Siamo i 69 assistenti educatori del “Servizio di Assistenza Educativa scolastica, domiciliare e territoriale per disabili gravi”

Nota - Questo comunicato è stato pubblicato integralmente come contributo esterno. Questo contenuto non è pertanto un articolo prodotto dalla redazione di AnconaToday

Siamo i 69 assistenti educatori del “Servizio di Assistenza Educativa scolastica, domiciliare e territoriale per disabili gravi” operante per conto del Comune di Ancona. Questo compito, altamente delicato e complesso, coinvolge quotidianamente la nostra professionalità, le nostre qualifiche e le nostre articolate specializzazioni, ma non ha ricevuto adeguato riconoscimento nell’ultima gara di appalto del Comune per il suddetto Servizio.

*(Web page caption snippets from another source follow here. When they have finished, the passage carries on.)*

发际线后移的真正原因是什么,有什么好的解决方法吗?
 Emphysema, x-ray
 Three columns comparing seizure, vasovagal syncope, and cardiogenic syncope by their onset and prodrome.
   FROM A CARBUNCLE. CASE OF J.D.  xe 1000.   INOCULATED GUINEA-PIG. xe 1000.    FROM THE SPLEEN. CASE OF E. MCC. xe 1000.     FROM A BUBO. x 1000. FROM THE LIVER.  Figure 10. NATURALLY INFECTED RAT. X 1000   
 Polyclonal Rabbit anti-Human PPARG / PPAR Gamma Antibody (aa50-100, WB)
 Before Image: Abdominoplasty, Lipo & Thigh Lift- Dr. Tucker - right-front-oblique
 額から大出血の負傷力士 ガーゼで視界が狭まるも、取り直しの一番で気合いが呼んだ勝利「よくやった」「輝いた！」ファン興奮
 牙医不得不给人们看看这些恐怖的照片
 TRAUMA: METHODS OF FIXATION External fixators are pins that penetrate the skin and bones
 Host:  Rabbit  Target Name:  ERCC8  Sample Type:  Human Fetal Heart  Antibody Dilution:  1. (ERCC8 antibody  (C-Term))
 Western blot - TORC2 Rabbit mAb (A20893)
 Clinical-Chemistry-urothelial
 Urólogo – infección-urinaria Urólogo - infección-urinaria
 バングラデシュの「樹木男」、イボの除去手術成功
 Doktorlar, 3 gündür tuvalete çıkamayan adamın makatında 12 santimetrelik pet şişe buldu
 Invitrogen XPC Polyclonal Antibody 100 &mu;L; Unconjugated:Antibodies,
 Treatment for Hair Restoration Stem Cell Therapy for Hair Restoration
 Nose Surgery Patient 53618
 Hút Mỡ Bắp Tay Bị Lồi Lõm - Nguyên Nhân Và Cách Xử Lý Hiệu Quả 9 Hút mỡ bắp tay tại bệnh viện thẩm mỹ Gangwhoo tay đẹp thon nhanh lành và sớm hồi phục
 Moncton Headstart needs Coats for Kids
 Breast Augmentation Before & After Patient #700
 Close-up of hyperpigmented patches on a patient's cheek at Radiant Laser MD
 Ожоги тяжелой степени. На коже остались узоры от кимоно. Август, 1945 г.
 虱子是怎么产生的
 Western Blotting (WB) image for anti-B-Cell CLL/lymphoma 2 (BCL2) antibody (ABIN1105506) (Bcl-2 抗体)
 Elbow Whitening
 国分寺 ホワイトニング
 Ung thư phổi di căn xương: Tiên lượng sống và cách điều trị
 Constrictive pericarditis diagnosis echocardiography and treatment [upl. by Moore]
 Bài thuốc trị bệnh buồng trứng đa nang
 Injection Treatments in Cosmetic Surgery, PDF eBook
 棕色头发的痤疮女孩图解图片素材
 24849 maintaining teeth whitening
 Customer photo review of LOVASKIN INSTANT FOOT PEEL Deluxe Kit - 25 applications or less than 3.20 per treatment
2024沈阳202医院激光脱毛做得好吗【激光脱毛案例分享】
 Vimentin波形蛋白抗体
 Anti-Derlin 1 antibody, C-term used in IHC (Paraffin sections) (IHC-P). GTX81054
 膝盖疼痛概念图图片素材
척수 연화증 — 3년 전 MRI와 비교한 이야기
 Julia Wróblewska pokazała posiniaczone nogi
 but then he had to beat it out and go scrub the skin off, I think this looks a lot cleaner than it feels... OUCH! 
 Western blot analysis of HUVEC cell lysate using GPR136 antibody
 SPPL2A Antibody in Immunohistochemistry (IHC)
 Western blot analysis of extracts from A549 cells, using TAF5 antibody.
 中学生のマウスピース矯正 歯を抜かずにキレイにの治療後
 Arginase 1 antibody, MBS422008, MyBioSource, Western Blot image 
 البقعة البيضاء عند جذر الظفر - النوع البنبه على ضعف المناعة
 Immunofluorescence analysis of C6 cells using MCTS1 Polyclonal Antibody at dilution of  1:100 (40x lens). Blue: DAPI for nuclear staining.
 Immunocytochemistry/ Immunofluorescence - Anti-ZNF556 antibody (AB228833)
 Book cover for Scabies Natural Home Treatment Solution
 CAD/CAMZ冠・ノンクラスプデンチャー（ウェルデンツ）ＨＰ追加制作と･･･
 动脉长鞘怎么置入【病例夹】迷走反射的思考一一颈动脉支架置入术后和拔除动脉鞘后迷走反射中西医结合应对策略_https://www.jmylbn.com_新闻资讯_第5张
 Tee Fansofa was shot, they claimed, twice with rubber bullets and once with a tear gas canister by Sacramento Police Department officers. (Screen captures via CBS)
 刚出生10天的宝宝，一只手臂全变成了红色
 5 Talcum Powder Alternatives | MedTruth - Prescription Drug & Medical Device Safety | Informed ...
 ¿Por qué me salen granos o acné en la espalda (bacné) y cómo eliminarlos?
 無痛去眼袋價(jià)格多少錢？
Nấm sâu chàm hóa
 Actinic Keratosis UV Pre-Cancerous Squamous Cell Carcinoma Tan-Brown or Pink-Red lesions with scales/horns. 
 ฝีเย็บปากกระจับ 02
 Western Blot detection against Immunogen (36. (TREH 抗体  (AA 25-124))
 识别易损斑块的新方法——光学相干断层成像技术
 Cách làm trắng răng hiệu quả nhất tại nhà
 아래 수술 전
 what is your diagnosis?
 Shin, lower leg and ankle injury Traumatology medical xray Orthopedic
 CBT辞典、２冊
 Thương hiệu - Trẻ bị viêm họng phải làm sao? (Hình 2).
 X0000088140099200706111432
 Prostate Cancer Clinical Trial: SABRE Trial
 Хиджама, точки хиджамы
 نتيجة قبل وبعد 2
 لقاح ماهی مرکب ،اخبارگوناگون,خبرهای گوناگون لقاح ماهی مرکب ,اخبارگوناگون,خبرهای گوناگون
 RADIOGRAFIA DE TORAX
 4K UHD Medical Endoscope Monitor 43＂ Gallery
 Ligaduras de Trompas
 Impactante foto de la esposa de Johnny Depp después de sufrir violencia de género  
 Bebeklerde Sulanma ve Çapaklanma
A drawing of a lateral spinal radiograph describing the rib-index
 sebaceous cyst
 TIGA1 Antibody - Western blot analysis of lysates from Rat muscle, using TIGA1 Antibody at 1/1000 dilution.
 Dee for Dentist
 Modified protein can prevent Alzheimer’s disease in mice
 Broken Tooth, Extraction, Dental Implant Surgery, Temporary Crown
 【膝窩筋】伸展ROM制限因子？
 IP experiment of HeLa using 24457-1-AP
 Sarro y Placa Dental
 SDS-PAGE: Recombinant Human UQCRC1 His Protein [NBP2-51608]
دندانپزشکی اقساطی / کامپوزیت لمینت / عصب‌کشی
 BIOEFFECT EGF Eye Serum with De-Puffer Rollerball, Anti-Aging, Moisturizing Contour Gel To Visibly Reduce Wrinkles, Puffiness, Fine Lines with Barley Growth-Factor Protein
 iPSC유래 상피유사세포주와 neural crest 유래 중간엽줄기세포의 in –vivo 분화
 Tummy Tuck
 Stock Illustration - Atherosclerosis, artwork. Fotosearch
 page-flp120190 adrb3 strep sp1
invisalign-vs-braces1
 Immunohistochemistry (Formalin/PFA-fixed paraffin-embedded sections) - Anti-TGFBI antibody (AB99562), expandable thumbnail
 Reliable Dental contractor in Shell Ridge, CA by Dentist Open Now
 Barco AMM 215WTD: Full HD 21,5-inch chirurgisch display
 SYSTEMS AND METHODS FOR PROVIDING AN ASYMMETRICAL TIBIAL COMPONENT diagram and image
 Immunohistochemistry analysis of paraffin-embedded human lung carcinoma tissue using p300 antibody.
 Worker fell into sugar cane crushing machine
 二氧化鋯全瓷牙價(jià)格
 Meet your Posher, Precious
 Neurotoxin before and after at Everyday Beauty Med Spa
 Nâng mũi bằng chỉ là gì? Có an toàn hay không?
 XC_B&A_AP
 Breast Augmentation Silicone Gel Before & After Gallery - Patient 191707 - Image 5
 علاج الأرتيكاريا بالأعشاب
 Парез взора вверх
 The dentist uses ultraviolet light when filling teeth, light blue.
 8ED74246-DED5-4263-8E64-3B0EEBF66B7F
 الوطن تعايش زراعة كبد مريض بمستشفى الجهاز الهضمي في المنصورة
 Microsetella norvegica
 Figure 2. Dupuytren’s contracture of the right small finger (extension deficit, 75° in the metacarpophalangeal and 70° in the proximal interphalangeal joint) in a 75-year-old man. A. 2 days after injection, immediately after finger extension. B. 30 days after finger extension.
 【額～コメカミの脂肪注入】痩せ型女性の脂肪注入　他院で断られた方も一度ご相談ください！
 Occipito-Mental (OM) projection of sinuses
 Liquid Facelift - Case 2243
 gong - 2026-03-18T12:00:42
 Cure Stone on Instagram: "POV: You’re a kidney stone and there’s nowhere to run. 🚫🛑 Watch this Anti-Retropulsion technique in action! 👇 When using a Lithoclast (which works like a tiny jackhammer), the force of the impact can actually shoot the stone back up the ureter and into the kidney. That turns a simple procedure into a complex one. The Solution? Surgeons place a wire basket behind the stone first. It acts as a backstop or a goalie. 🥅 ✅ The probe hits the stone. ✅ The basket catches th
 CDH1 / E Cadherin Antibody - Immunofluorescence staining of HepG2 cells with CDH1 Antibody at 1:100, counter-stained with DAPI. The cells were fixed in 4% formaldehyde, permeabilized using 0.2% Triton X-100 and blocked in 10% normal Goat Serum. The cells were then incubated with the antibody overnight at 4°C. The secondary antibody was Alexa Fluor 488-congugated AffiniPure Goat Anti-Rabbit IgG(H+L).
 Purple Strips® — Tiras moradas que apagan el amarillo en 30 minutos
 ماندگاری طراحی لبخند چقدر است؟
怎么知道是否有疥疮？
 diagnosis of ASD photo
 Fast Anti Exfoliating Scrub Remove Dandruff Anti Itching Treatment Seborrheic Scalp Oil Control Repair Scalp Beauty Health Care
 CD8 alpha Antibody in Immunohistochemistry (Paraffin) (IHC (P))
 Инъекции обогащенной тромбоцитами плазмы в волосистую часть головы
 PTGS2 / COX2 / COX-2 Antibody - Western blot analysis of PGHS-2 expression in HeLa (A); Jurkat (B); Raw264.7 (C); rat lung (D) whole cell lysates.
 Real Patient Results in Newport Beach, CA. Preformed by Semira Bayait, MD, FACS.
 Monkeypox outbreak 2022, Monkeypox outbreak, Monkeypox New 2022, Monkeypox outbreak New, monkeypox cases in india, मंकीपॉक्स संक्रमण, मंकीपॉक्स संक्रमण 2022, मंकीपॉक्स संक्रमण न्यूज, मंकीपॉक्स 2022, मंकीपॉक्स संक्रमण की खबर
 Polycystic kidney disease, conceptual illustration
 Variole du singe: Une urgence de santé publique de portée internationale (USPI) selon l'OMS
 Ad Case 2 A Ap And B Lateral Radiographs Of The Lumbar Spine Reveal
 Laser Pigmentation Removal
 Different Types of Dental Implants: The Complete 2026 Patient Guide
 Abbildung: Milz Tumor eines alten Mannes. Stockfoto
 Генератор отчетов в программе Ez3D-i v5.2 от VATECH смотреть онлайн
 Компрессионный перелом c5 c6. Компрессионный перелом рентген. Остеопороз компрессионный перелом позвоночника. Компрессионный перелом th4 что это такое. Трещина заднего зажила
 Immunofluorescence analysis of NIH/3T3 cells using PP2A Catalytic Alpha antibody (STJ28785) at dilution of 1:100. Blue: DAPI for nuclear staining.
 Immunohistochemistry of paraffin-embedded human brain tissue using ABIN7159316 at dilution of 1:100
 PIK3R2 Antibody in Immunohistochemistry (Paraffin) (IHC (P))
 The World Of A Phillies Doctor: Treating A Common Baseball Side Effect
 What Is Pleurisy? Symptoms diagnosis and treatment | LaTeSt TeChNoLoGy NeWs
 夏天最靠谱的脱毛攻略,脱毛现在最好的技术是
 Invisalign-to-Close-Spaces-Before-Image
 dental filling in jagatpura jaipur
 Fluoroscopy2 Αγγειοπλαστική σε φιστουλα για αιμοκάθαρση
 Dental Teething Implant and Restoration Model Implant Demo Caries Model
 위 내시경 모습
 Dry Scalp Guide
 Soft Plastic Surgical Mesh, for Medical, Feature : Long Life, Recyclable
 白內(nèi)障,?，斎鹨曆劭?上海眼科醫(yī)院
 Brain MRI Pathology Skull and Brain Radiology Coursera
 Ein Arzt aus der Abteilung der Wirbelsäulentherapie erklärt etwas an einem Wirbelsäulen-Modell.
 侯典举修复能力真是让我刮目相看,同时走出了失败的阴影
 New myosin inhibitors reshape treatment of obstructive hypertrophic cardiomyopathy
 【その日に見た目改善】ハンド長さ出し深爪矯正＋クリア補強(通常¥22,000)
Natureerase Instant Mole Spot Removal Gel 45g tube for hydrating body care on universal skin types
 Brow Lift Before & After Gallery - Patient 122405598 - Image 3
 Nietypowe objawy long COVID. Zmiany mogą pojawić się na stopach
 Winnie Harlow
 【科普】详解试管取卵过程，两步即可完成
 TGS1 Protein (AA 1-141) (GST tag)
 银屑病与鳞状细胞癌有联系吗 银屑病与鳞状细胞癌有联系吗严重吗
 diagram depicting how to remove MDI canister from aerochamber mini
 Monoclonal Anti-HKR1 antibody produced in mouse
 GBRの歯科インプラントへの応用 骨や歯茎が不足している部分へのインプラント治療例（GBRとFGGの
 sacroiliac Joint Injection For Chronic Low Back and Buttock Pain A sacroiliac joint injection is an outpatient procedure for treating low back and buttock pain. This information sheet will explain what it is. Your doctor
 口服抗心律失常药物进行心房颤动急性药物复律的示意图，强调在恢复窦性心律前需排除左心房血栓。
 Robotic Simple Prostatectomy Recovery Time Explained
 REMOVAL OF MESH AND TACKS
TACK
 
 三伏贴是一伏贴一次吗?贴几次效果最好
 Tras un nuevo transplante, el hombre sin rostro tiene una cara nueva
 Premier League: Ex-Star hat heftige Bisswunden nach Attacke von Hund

Ciò si evince dalla svalutazione che vi si ritrova della nostra professionalità e dallo sgretolamento dei diritti acquisiti come lavoratori qualificati, fino al disconoscimento degli stessi nel Capitolato di Gara uscito il 24 aprile scorso: il riconoscimento del 50% della retribuzione oraria a noi spettante nei giorni di assenza dell’utenza del servizio scolastico è scomparso, limitando il pagamento alla sola prima ora del primo giorno di assenza.

In questo modo non viene tenuto conto
-del diritto acquisito nel tempo attraverso contrattazione, accordi e patti efficacemente intercorsi tra Sindacati ( Cisl e Cgil) e Comune di Ancona, mettendo così a repentaglio la stabilità del nostro stipendio, rendendo precaria la nostra retribuzione e trasformando la nostra qualificata attività in un lavoro “ a cottimo”
-che il riconoscimento del 50% della retribuzione oraria da parte del Comune di Ancona, fatto esclusivo nel territorio provinciale, rivela da anni la profonda sensibilità e lungimiranza della Stesso a garanzia e apprezzamento del nostro lavoro, e la volontà di offrire stabilità , fondamentale seppur parziale, ad un lavoro che di per sé è parcellizzato e soggetto a variazioni dovute alla natura del servizio erogato.
Confidiamo in un’efficace soluzione del problema, attraverso un’ attenta riflessione sull’importanza della nostra prestazione professionale, consapevoli tutti che la stabilità retributiva è, per ogni lavoratore, condizione fondamentale per la qualità del servizio prestato.